The earliest known man-made glass is in the form of Egyptian beads from between 2750 and 2625 BC. Artisans made these beads by winding a thin string of molten glass around a removable clay core. This glass is opaque and very precious.
Glass making was the first industry set up in America in Jamestown, settled in 1607. The English were running out of wood to fuel their furnaces. The endless forests and sand in the New World dictated the choice. To reassure his English investors, Captain John Smith wrote that the glass-making venture was a success, but the operation was very short lived. Bottles and window glass were the primary glass products of this venture.

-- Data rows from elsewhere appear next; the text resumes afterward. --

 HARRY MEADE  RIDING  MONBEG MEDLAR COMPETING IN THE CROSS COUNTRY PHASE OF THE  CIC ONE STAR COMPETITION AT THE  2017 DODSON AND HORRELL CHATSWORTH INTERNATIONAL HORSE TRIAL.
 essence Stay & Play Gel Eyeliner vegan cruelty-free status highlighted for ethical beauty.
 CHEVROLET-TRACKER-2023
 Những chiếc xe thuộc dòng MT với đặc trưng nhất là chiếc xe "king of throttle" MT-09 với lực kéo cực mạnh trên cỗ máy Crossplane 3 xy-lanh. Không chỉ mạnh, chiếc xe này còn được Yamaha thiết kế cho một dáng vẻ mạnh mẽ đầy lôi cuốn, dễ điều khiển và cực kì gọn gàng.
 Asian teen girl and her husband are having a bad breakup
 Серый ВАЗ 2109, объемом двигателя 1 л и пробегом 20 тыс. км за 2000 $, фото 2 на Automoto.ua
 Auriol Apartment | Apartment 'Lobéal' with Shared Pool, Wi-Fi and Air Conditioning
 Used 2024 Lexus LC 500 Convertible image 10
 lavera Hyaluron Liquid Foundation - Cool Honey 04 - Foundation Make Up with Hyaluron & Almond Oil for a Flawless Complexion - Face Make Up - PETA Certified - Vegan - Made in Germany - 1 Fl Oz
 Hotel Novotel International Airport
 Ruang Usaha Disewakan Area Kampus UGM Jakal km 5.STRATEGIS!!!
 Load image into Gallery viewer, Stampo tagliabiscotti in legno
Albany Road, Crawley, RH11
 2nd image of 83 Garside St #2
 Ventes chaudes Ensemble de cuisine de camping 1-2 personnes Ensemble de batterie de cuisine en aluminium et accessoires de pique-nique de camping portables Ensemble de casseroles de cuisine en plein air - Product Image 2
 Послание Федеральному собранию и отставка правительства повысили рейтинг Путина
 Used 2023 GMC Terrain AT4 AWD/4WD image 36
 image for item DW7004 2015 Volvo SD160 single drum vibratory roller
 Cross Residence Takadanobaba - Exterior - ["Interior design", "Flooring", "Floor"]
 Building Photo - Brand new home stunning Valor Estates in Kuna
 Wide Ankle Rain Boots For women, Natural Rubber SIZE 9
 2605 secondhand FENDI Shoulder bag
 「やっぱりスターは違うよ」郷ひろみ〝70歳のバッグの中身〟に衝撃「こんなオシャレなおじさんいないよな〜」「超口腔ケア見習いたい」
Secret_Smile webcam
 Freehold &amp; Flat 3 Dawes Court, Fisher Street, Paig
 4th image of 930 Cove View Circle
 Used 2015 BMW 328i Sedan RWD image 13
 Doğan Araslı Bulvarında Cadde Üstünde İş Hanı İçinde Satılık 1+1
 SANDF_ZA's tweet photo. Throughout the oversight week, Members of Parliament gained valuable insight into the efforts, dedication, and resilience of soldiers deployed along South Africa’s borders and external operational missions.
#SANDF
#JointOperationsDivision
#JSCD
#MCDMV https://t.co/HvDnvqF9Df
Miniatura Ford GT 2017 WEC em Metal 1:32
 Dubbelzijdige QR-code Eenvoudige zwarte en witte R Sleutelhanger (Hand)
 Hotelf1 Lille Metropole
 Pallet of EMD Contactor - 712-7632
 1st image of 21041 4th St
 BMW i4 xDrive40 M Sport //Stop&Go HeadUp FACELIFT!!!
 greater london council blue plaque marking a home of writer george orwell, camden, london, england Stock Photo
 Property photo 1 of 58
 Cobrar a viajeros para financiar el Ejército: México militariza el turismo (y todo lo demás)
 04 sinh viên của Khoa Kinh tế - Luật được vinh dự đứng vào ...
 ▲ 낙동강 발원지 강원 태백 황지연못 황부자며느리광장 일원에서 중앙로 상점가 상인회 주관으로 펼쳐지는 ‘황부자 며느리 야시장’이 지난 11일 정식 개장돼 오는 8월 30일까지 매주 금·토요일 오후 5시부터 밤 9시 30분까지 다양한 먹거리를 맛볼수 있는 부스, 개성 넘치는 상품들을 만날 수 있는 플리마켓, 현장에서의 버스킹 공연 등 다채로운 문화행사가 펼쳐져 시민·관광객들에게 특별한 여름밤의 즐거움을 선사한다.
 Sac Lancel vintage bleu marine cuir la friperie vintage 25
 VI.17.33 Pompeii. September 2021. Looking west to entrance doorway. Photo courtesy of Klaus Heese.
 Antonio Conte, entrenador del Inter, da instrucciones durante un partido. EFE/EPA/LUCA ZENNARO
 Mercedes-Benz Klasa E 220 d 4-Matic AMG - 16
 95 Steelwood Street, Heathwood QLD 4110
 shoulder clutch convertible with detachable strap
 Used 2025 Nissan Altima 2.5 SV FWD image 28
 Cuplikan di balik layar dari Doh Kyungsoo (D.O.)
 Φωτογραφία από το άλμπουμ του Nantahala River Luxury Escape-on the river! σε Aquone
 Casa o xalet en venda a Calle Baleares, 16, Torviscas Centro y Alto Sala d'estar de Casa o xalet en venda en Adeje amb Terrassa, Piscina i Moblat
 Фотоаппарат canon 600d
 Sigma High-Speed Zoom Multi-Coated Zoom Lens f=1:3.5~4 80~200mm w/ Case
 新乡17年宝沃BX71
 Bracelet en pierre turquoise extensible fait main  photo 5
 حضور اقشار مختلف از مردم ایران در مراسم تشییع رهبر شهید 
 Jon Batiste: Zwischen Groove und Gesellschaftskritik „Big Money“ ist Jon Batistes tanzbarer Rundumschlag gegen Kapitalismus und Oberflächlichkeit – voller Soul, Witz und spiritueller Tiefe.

In the nineteenth century, William Gibson began the earliest known glass business in America around 1834 in New York City. This venture did not last, but he tried again several decades later and would promote himself as the “father of glass painting” in the United States. For a detailed history or stained glass, click here.
Besides the traditional church stained glass, there’s vast array of design and architectural stained glass represented globally. Here are the 10 greatest stained glass windows in the world – click here.
The stained glass windows of The Grand Home are not only inviting to passers by, but truly a treat when you walk through and are able to appreciate the detail and craftsmanship of over 100 years ago. Oh, and if you’re wondering who still does this type of art or where you can get your own stained glass, Jack Wallace is actually a local artisan who has been crafting these windows since 1971 an is one of a few nationwide can repair them. (FYI – he’s also the genius behind the hand carved bed in The Grand Home’s Master Bedroom, but we’ll leave that story to another day.) So, come by The Grand Home and see for yourself!!
The Grand Home was lovingly restored by Mel and Pat Doughty beginning in 1974. This grand Victorian home was truly a family affair. Every inch of beautiful oak wood was stripped and restored to it’s glorious detailed luster by not only the home owners, but the grandparents also put in a great deal of work helping the family bring this home back to what it was originally intended. With ceilings a minimum of 12 feet high, some areas well over 20 feet, you can imagine the scaffolding and care that was required.
During this renovation, the Doughty’s had two young girls who enjoyed almost every minute of it, except when their parents miscalculated a bit and decided to refinish the hall and parlor floors at the same time. Why a big deal? Well that meant that during the time the floors required to dry and cure, the girls had to be carried outside the front door of the house and around to the back door in order to get breakfast and then back again to get ready for school. Lessons learned for sure, but more important than that, memories that endure for a lifetime.
As life does, it moves on quickly and now the home has been made available for everyone to cherish and enjoy. Imagine waking up to a 12′ Christmas tree surrounded by gifts! The Grand Home is a place for creating memories that last a lifetime!